The number of New Zealand home transfers to foreign buyers continued to ease in the September quarter ahead of pending rule changes barring overseas buyers from snapping up existing houses.
The share of home transfers to overseas people fell to 2 percent in the September quarter from 2.3 percent in the same period a year earlier and 2.8 percent in the June quarter, Statistics New Zealand said. ‘Overseas people’ includes people who are not New Zealand citizens or resident-visa holders.
The results “may have been influenced by anticipated changes to the Overseas Investment Act 2005,” Stats NZ said. The government changed the law in a bid to stop what it said were wealthier foreign buyers from driving up house prices.
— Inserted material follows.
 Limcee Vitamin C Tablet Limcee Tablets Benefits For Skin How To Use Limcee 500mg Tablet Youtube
The changes came into effect on Oct. 22. Under the revamped act, foreigners are still allowed to buy homes in large, newly built apartment buildings and residents of Australia and Singapore are also exempt from the laws.
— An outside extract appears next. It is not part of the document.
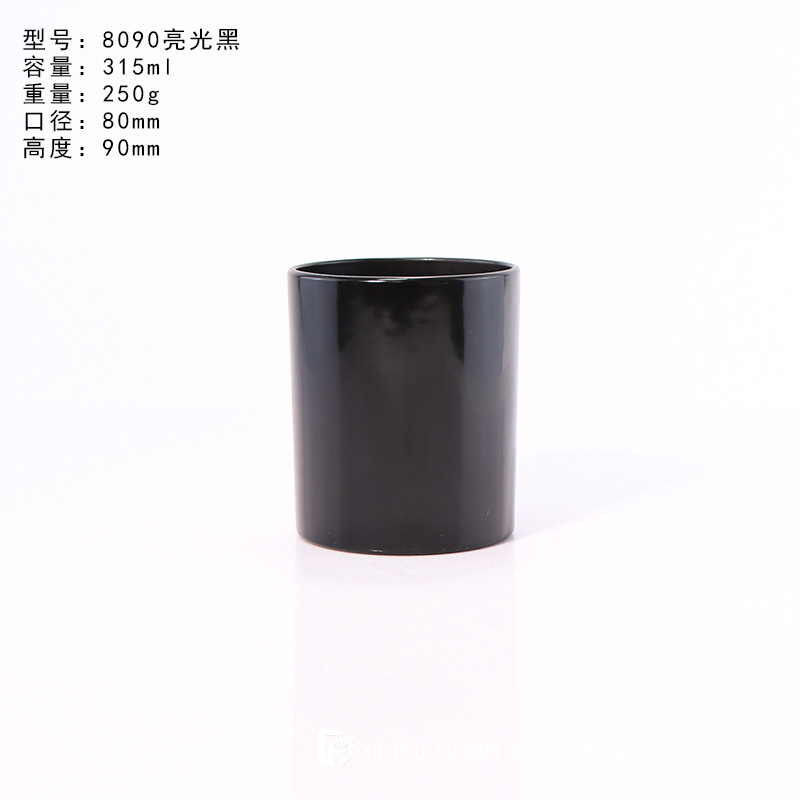 Picture of Color Frosted Candle Holder Glass Aromatherapy Candle Cup Creative Fashion Candle Jar DIY Aromatherapy Candle Holder with Lid for Home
While there were news reports of an increase in foreign buyers hoping to get in before the new rules took effect, there wasn’t a corresponding surge in activity, according to today’s data.
There were 35,634 property transfers involving a home in the quarter, up 3.7 percent from September 2017. Of those, 79 percent were to at least one New Zealand citizen and 8.4 percent where to at least one NZ-resident visa holder. A total of 10 percent were to corporate entities, that could have had New Zealand or overseas owners.
Auckland again topped the list for home transfers involving non-NZ citizens or resident-visa holders with 414 property transfers, followed by Hamilton, where there were 42 transfers and in the Queenstown-Lakes district, where there were 21.
Stats NZ took over the task of publishing the home transfer statistics from Land Information New Zealand this year in order to obtain a better picture of the housing market.
According to the statistics agency, property transfer statistics are based mainly on land transfer tax statements and capture property transfers by New Zealanders and overseas people. This includes information on the citizenship, visa status, or tax residency of people and companies involved in property transfers. The new data includes a time series to make comparisons over time easier, detailed statistics about transfers involving homes and statistics for regions.
Regarding country of tax residence – which Stats NZ underscores is not the same as nationality – 7,595 of the transfers were to buyers who were exempt from stating their tax residency because they were NZ citizens or resident-visa holders and the transfer involved the main home. Another 16,974 were to buyers who stated no overseas tax residence.
A total of 285 were to tax residents of China only. This compares with 309 in the September 2017 quarter, and 552 in the June 2018 quarter. Some 186 were to tax residents of Australia only, many of whom were New Zealand citizens.